**Exercise:** Each line of the data below should be restated exactly, with images left out.

━━━━━ Stored data

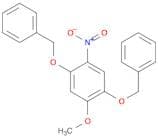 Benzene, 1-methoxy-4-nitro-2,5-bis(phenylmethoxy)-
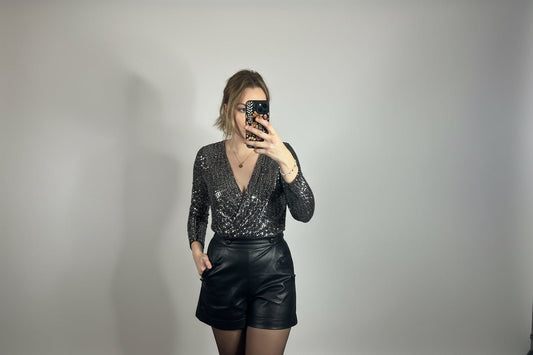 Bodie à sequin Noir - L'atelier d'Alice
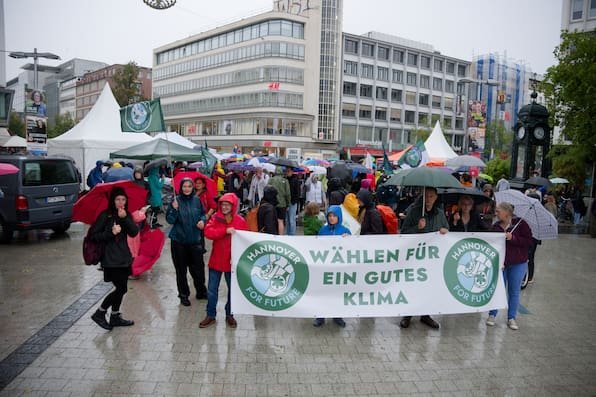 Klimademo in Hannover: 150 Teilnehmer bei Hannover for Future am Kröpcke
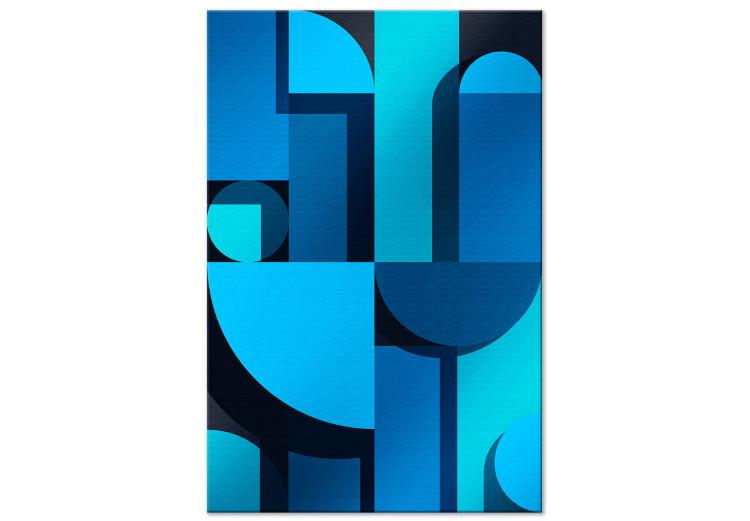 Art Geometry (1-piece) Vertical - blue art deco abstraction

━━━━━━━━━━

**Your response:**
 Benzene, 1-methoxy-4-nitro-2,5-bis(phenylmethoxy)-
 Bodie à sequin Noir - L'atelier d'Alice
 Klimademo in Hannover: 150 Teilnehmer bei Hannover for Future am Kröpcke
 Art Geometry (1-piece) Vertical - blue art deco abstraction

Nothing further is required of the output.